São quase 9 mil substâncias tóxicas que formam esse pequeno e gorduroso resíduo: a bituca de cigarro. Por ser pequena e parecer indefesa, é comum ver pessoas jogando bitucas nas ruas sem o menor constrangimento.

Estima-se que 60% dos fumantes tenham esse hábito, de acordo com pesquisa do Mundo Sem Bitucas, movimento que busca conscientizar fumantes e não fumantes sobre os impactos desse material no meio ambiente. Mas os pertencentes a essa estatística não sabem que 95% dos filtros de cigarro são compostos por acetato de celulose, material de difícil degradação que pode levar cerca de 15 anos para se decompor.
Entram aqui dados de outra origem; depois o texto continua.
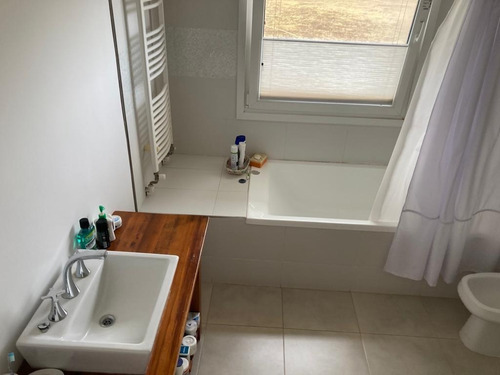 Imagen 20 de 26 de Casa En Venta En Barrio Cerrado En Capilla Del Señor
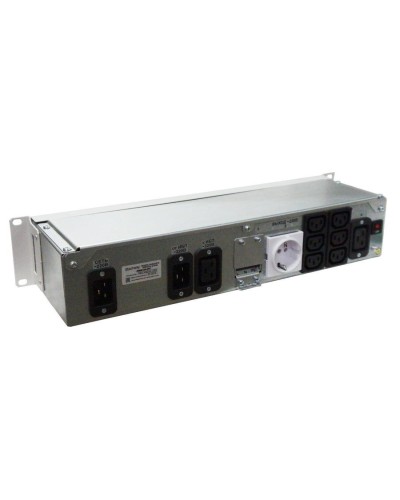 EBR-63AS (1593230). Байпас. POWERCOM в Перми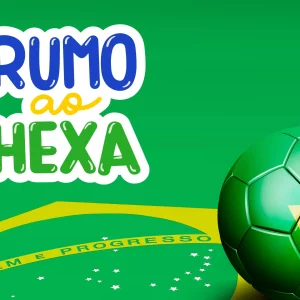 Saiba onde assistir a copa do mundo online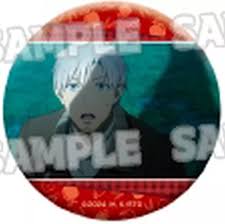 「クラフト・ロレンス」の画像検索結果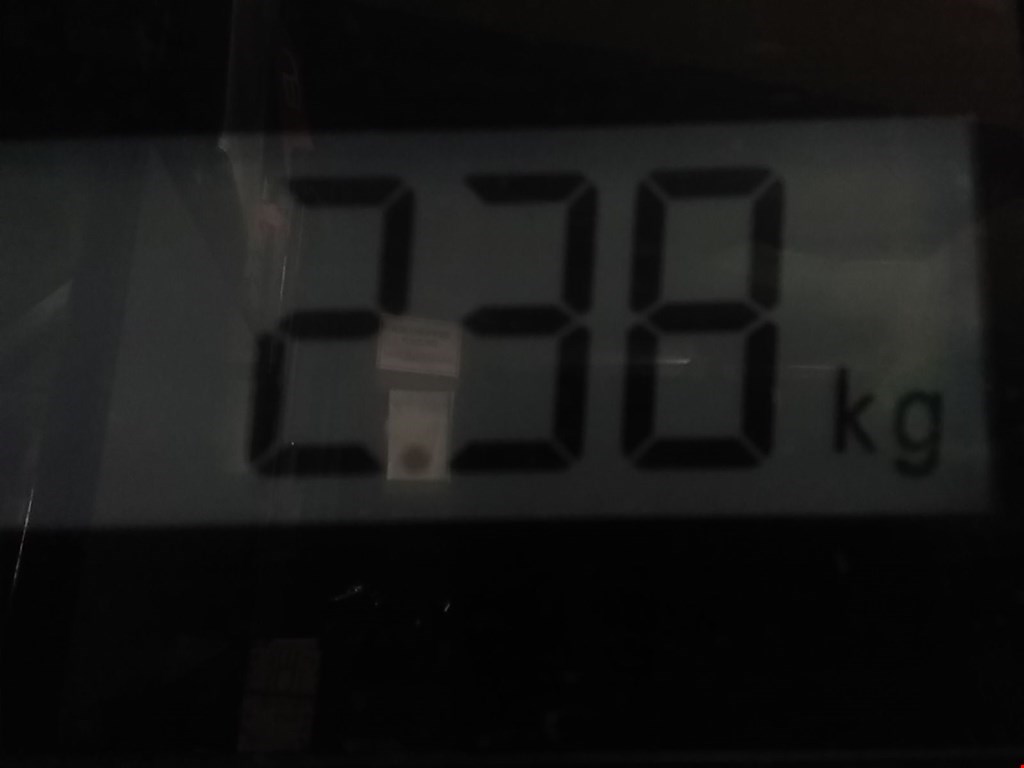 Радиатор кондиционера SEAT Ibiza 2002-2008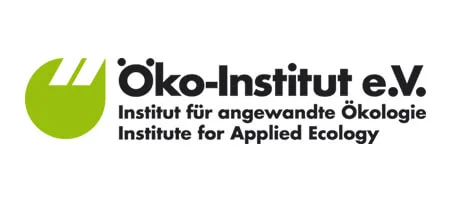Öko-Institut e.V.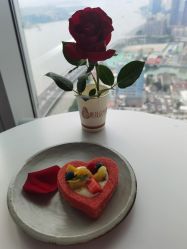 -拾玥国际月子会所(凯宾斯基店)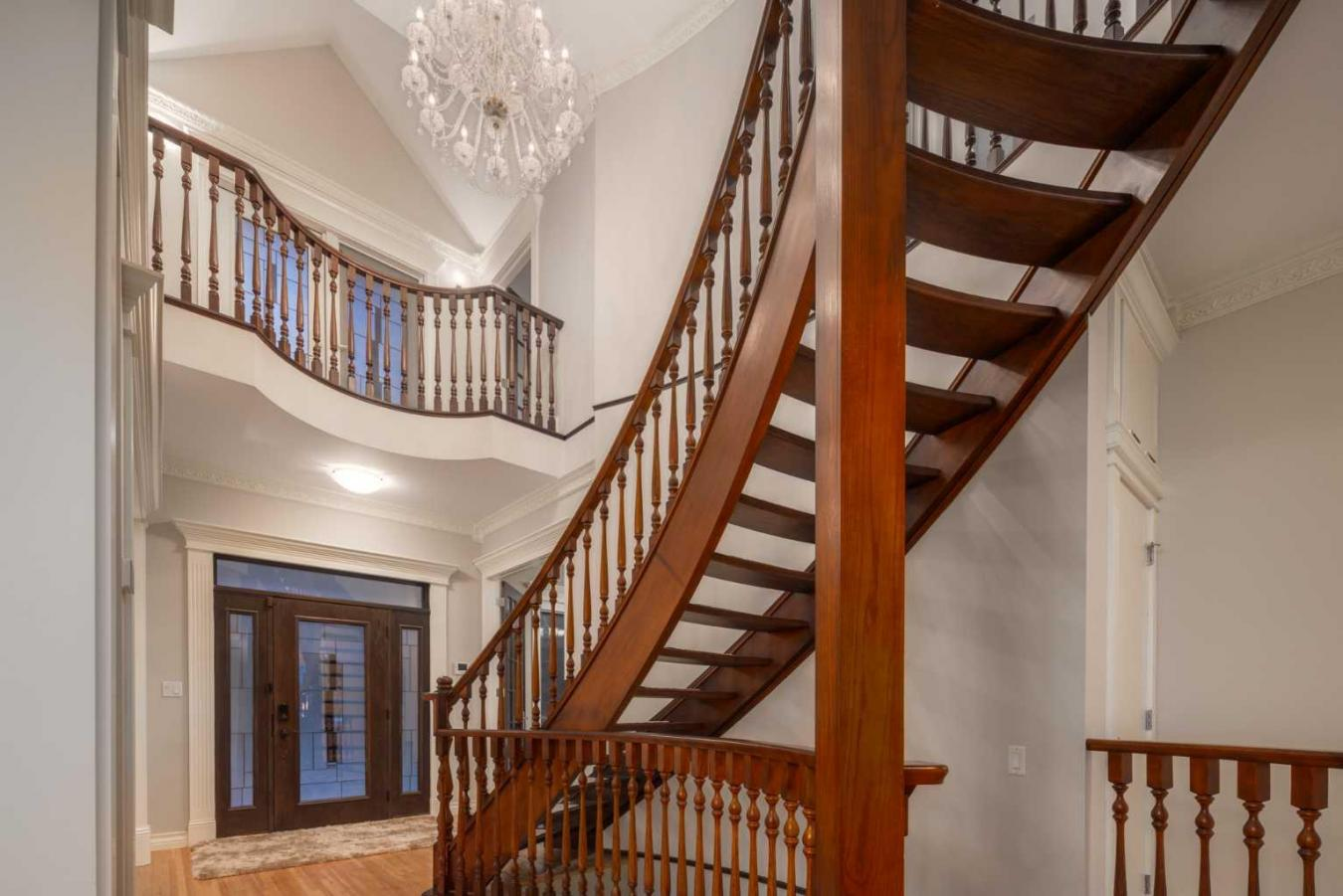 property-image-7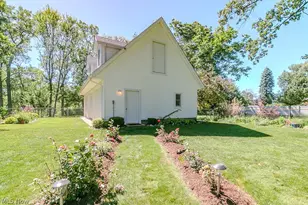 44 Fruitland Ave, Painesville, OH 44077 - Photo 29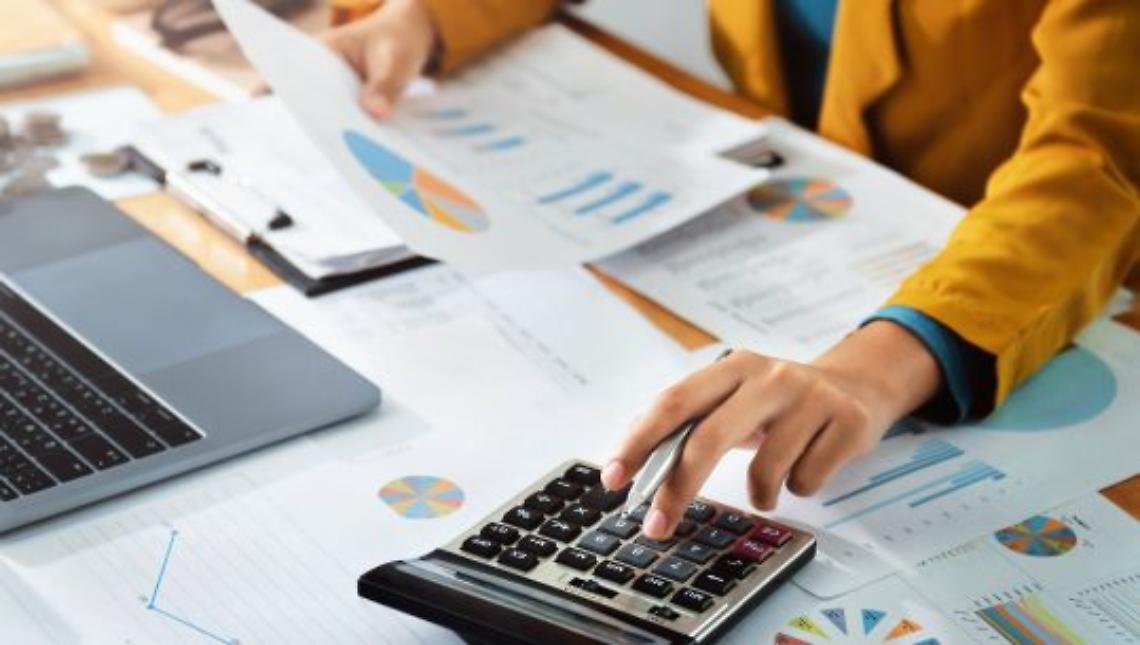 liberazione fiscale veneto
“Esse resíduo ainda passa como invisível no dia a dia das pessoas, mas é só olhar no chão que logo a gente encontra ao menos um pertinho de você”, afirma Natália Zafra Goettlicher, idealizadora e diretora geral do projeto Mundo Sem Bitucas.

Mesmo pequeno e imperceptível, esse material é capaz de trazer graves consequências ao meio ambiente, como contaminação do solo, rios e córregos, entupimento de tubulações e bueiro, enchentes e incêndios entre as estações secas, provocando danos ambientais imensuráveis. Por isso, é fundamental que as bitucas sejam descartadas corretamente e passem pelo processo de reciclagem.

Foi a consciência desse risco ambiental que fez Natália criar, em 2015, o Movimento. A ideia nasceu de um incômodo da jovem ao observar uma grande quantidade de bitucas em todos os lugares por onde passava: ruas, calçadas, parques, praias e até mesmo trilhas ecológicas. Com foco na educação ambiental, as principais ações do Mundo Sem Bitucas consistem em mutirões de limpeza em lugares públicos, oficinas educativas de como fazer seu próprio cinzeiro de bolso, rodas de conversa, palestras sobre os impactos socioambientais desse material e intervenções artísticas.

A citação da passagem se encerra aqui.